John Leighton Stuart was born in 1876 in Hangzhou, China. His parents were missionaries coming from the US. When he was 11 years old, he went to Virginia for study. In 1904, he came back to Hangzhou as a missionary of the American Presbyterian Mission. In 1919, he was appointed the first president of Yanching University. He made great contribution to the development of the university. He advocated academic freedom and encouraged the students to be both Chinese and internationalized. He was appointed the US Ambassador to China between 1946 and 1949. John Leighton Stuart declared himself to be more Chinese than American. He lived more than half of his life in Hangzhou, China. He can speak fluent Hangzhou dialect. As the political situation between the Chinese Communist and the Chinese Nationalist tightened, he declared that he was saddened by the split that would lead to the ongoing conflict between Mianland of China and Taiwan, and as a diplomat, he had tried to stop it. He once wrote: “The Chinese knew of my love for their country, my concern for their welfare ... but I failed them.” He left China and went back to the US in August, 1949 before the establishment of People’s Republic of China. Stuart died on Sep. 19th, 1962 in Washington. In his will, he asked to be buried in Hangzhou. But the request was not accepted because of the sensitive political situation. As the China-US ties strengthen day after day, now 46 years later after his death, John Leighton Stuart finally made his wish come true. Officials of China and the US attended the funeral. Clark T. Randt, Jr., the present US Ambassador to China watched the re-interment. He remarked that Stuart would feel heartily happy in heaven if he learned that nowadays China and the US were in such a good relationship.

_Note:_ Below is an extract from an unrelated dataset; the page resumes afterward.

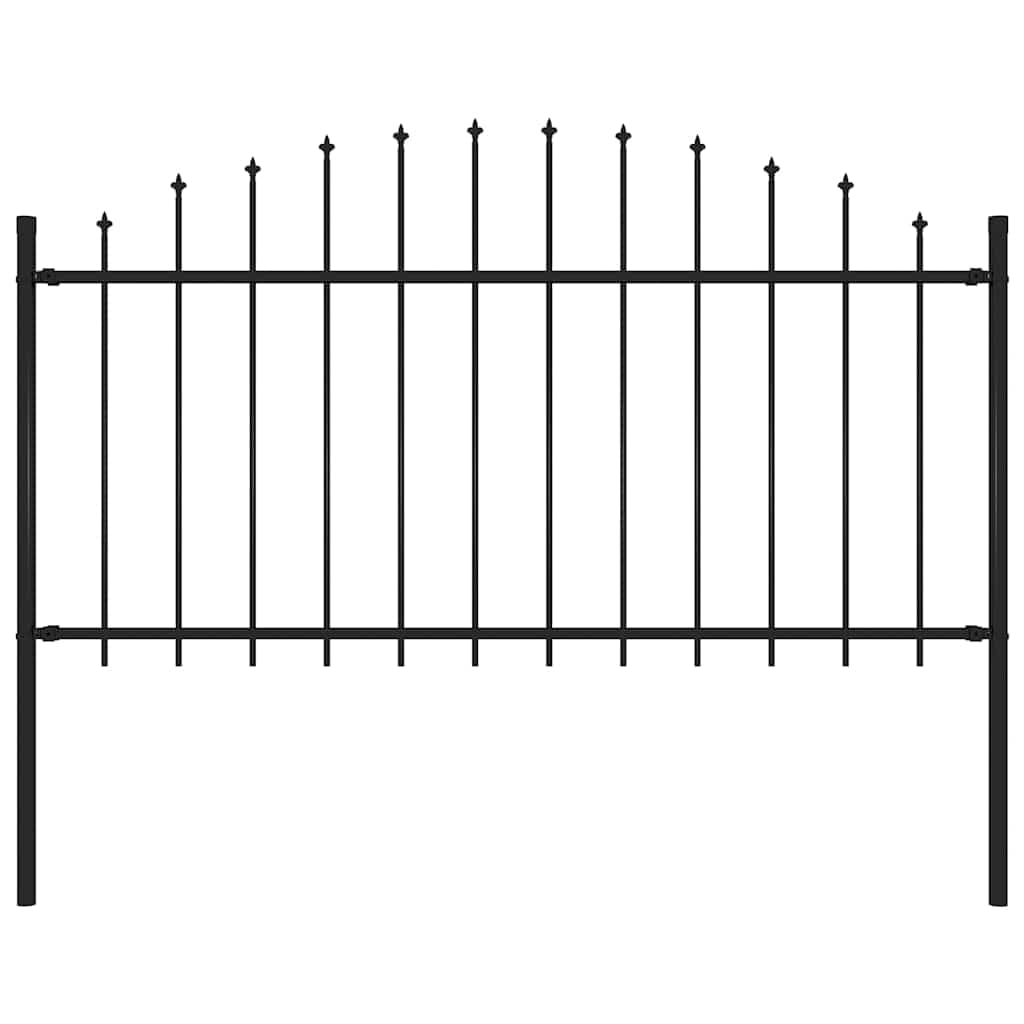 Generico Recinzione da Giardino con Punta a Lancia in Acciaio 181x150 cm Nero,Articoli di ferramenta,Barriere e recinzioni,Pannelli per recinzioni-144943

Hangzhou as his hometown in China means a lot to him. He thought himself to be a native of China more than an American. He established Yanching University in Beijing, which was a rare but famous modern university in China during the unrest time. Later this university became the current base of Peking University, which was thought to be the cradle of Chinese modernization and liberation. Many gray-haired students also remember him although they never saw him. Currently Hangzhou local government has admitted and awarded him the honorary citizenship of Hangzhou, and his former residence has been well preserved to be a themed museum for showing his life in Hangzhou of China.